Stabler
Mortgage Payments -
This seems to be an increasingly popular reason for refinancing,
especially with everything that has been occurring recently in
the mortgage market. Borrowers who once bought their home assuming
they would move within a few years or assuming their properties
would appreciate tremendously in the next couple years, have
recently found themselves in a bit of a rut. With properties
staying on
the market longer, having more difficulty selling, and mortgage
terms starting to adjust, borrowers are seeing the dark side
of the process.
Lower
Interest Rates & Mortgage Payments -
This was more popular when interest rates were on a downward
trend, but even today finding a lower interest rate or mortgage
payment is possible. For example, a borrower may still be able
to find better interest
rates
if his or her
credit
is better
than before or if the loan-to-value ratio (loan amount divided
by
property
value) is lower (80% or less) than when he or she first bought
the property.
Build
equity faster. When
homeowners first buy their home, oftentimes their main concern
is to keep their monthly mortgage payments low. To do this
the homeowner usually chooses an interest only mortgage or an
adjustable
rate
mortgage to minimize payments. If you would like to learn more
about mortgage program types, read our article: "All Types of
Loan Programs." But interest only mortgages and ARMs minimize
the ability to build equity in the mean time. So by refinancing,
homeowners can switch their loan programs from interest only
and ARMs into long-term fixed rates paying
principal and interest. This type of program builds equity
faster in the property.
Cash
out. Your
property usually holds equity in it and you may want to cash
some of that equity out for your use. Every borrower has a different
situation, so reasons to take cash out of the property can include
everything from remodeling the home and upgrading the deck to
paying for college tuition or medical emergencies.
Finding
a more suitable loan. Life
situations change and so does every borrower's financial situation.
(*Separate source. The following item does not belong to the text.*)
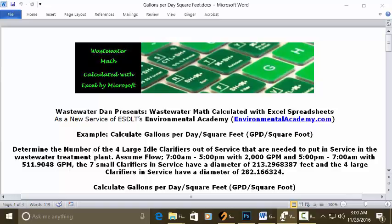Wastewater Dan presents Wastewater Math Calculated with Excel Spreadsheets, as a new service of ESDLC Environmental Academy at environmentalacademy.com. Today's example: calculate gallons per day per square foot.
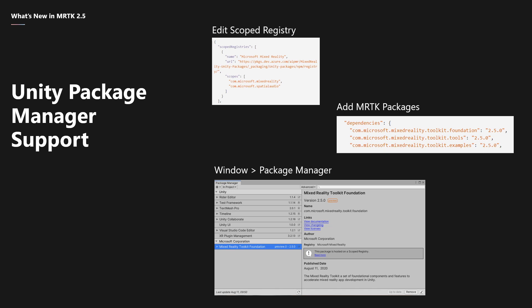We heard from you, our community, that you wanted a better way to discover and acquire MRTK packages. Now, today, there are some manual steps required to get started, but once a mixed reality toolkit package has been added to your manifest file, you can manage the MRTK using the UPM interface.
The borrower's financial circumstances may
change enough that he or she needs a new, more suitable
mortgage program for his or her unique needs and financial goals.
Avoid
foreclosure. In
some cases, borrowers are able to refinance their way out of
foreclosure. There may be enough equity in the home to take care
of the overdue payments, perhaps even enough to ensure the borrower
makes timely payments for the next couple years. Visit our "Avoid
Foreclosure" section to learn more about the options we offer
to help clients get out of the current situation.
Divorce. Unbeknownst
to many, divorce is actually the leading reason why properties
go into foreclosure. When couples get divorced, only one borrower
is left to pay the mortgage and oftentimes a one-income borrower
cannot afford to keep the property. In other cases, when couples
get divorced there are disagreements as to who gets to keep what
and property tends to be the most valuable asset. If it is decided
that the property will stay with one borrower he or she will refinance
the property to buy out the other borrower.